### Exercise brief
From the data that follows, print exactly the lines starting at the one containing "Comfrey Green Bemberg Silk Co-ord Set" and ending at the one containing "Skiing Spring Fling"; include both of them and nothing more.

Stored items:
*****

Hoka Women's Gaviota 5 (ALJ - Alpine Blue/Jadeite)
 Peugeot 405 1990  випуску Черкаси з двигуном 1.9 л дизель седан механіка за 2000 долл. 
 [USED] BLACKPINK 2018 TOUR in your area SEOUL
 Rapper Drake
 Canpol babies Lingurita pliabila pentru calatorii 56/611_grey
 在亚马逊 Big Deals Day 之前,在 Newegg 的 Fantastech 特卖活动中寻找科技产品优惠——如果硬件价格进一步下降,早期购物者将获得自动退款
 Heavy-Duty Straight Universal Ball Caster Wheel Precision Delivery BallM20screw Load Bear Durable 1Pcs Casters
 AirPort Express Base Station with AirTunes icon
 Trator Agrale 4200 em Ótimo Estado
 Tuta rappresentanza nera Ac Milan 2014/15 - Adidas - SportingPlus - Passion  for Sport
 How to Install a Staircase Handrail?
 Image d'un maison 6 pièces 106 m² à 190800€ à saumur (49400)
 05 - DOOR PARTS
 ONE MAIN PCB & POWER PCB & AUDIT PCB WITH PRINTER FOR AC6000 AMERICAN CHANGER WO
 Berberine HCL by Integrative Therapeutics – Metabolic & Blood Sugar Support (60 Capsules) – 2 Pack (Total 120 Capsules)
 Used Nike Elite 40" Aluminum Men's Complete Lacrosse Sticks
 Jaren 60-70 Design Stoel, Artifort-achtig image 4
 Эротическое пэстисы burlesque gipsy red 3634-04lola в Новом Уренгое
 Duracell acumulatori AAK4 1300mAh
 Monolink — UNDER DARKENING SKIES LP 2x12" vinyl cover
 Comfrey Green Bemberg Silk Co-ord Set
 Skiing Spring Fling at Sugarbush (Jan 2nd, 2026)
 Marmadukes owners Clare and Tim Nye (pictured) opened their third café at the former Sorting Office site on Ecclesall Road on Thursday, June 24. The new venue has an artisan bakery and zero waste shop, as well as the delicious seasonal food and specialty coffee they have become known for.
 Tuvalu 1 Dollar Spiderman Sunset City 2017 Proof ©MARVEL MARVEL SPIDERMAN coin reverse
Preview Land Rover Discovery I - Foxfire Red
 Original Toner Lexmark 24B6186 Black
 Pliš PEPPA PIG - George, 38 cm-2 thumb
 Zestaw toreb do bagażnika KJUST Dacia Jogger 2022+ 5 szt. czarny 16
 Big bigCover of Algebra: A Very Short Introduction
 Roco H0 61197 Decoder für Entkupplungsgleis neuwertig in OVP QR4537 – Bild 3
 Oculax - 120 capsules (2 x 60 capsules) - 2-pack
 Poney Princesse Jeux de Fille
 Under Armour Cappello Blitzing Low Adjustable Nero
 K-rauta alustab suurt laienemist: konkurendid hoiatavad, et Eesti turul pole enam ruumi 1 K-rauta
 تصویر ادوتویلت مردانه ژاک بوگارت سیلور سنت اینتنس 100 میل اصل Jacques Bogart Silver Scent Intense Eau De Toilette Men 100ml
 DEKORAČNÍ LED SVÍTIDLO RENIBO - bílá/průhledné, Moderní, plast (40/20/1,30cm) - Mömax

*****

### Response area
 Comfrey Green Bemberg Silk Co-ord Set
 Skiing Spring Fling at Sugarbush (Jan 2nd, 2026)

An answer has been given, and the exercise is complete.